Diagnostic performance of SHOX2 promoter methylation as biomarker for lung cancer identification: A meta‐analysis update

OBJECTIVE: To evaluate the diagnostic performance of short state homeobox 2 (SHOX2) promoter methylation as biomarker for lung cancer identification through aggregating the open published data. METHODS: We did an electronic search in Pubmed, EMBASE, Ovid, Web of Science, Google Scholar, and the China National Knowledge Infrastructure (CNKI) to identify the publications related to SHOX2 promoter methylation and lung cancer. The diagnostic performance of sensitivity (SEN), specificity (SPE), odds ratio (DOR), and summary receiver operating characteristic (SROC) cure were aggregated by fixed or random effect model. Fagan's nomogram was used to investigate the post‐test diagnostic probability. Deek's funnel plot and line regression test was applied to evaluate the publication bias. RESULTS: In total, 18 clinical studies about SHOX2 promoter methylation and lung cancer were included in the meta‐analysis. The combined diagnostic SEN, SPE, DOR were 0.63 (95% CI = 0.54–0.70), 0.91 (95% CI = 0.87–0.94), and 16.84 (95% CI = 11.18–25.36) in random effect model respectively. The pooled area under the curve (AUC) of SROC was 0.88 (95% CI = 0.84–0.90).
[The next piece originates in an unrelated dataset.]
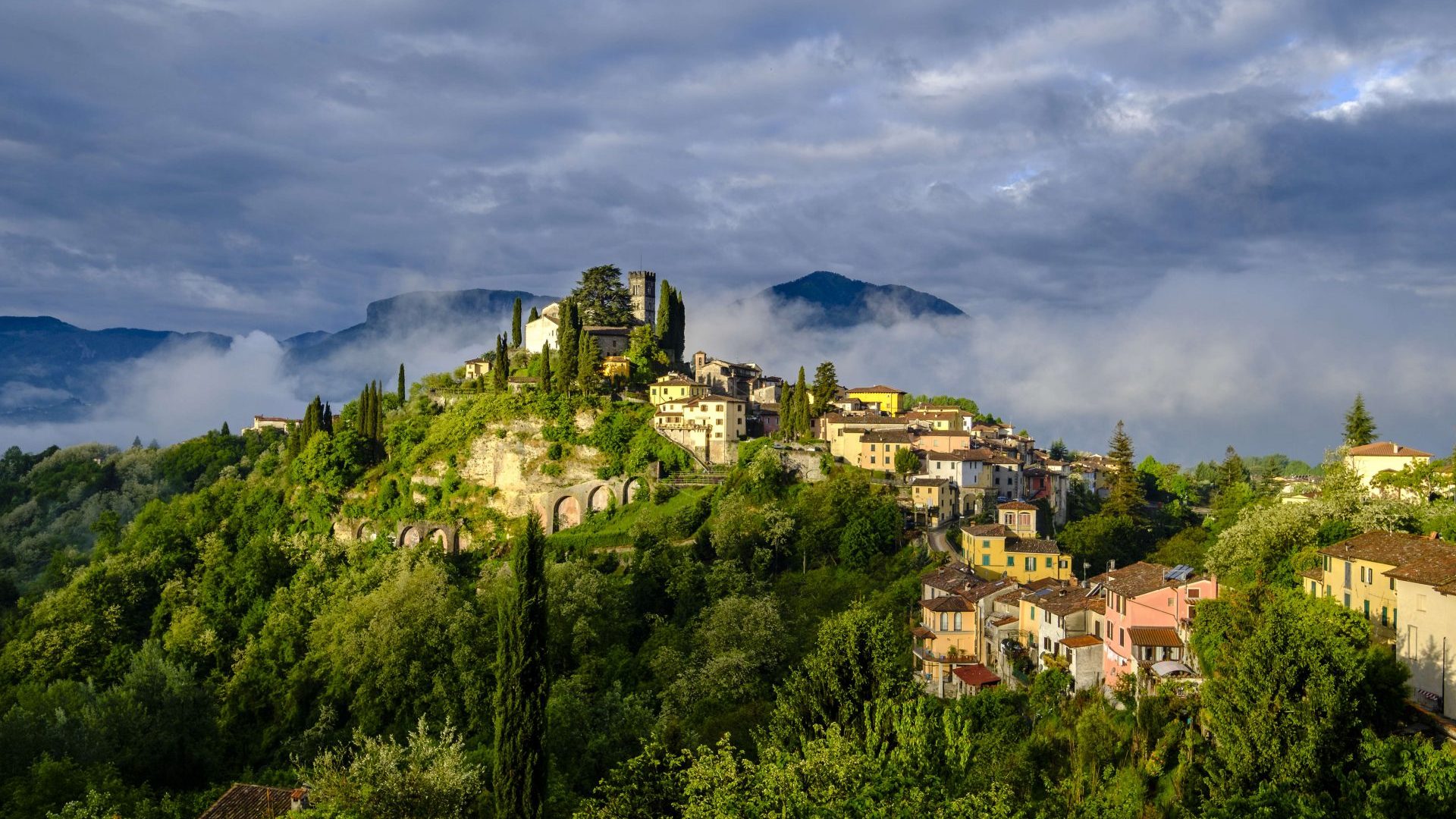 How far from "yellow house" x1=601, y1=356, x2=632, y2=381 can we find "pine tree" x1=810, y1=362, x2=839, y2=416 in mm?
16920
The post‐test probability of lung cancer was 88% and 29% when SHOX2 methylated and unmethylated in humoral components given a pre‐test probability of 50%. Deek's funnel plot and regression test indicated no publication bias (p = 0.62). CONCLUSION: SHOX2 promoter methylation in humoral components may be a potential biomarker for lung cancer diagnosis with relative high diagnostic specificity.